### TASK
Exactly the lines from the line containing "Ford B-Max 2013" through the last line of the entries below should appear in the answer, reproduced verbatim.

### ENTRIES SUPPLIED
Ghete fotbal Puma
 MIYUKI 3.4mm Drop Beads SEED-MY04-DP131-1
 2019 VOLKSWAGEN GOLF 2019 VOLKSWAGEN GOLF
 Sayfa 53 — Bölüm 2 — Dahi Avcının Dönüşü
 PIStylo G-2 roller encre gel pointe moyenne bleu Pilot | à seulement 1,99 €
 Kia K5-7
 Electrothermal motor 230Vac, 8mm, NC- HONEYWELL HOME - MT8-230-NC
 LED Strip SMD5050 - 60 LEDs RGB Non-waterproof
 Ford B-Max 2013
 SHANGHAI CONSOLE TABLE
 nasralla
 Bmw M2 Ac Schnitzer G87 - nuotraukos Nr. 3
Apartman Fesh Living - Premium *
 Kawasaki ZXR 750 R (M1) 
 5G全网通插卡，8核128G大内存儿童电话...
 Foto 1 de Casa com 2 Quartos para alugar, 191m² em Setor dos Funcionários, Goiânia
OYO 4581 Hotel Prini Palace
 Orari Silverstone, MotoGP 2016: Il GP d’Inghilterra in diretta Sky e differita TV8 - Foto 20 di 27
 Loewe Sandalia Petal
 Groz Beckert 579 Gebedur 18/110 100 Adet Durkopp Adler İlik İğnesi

### RESULT OF THIS TASK
 Ford B-Max 2013
 SHANGHAI CONSOLE TABLE
 nasralla
 Bmw M2 Ac Schnitzer G87 - nuotraukos Nr. 3
Apartman Fesh Living - Premium *
 Kawasaki ZXR 750 R (M1) 
 5G全网通插卡，8核128G大内存儿童电话...
 Foto 1 de Casa com 2 Quartos para alugar, 191m² em Setor dos Funcionários, Goiânia
OYO 4581 Hotel Prini Palace
 Orari Silverstone, MotoGP 2016: Il GP d’Inghilterra in diretta Sky e differita TV8 - Foto 20 di 27
 Loewe Sandalia Petal
 Groz Beckert 579 Gebedur 18/110 100 Adet Durkopp Adler İlik İğnesi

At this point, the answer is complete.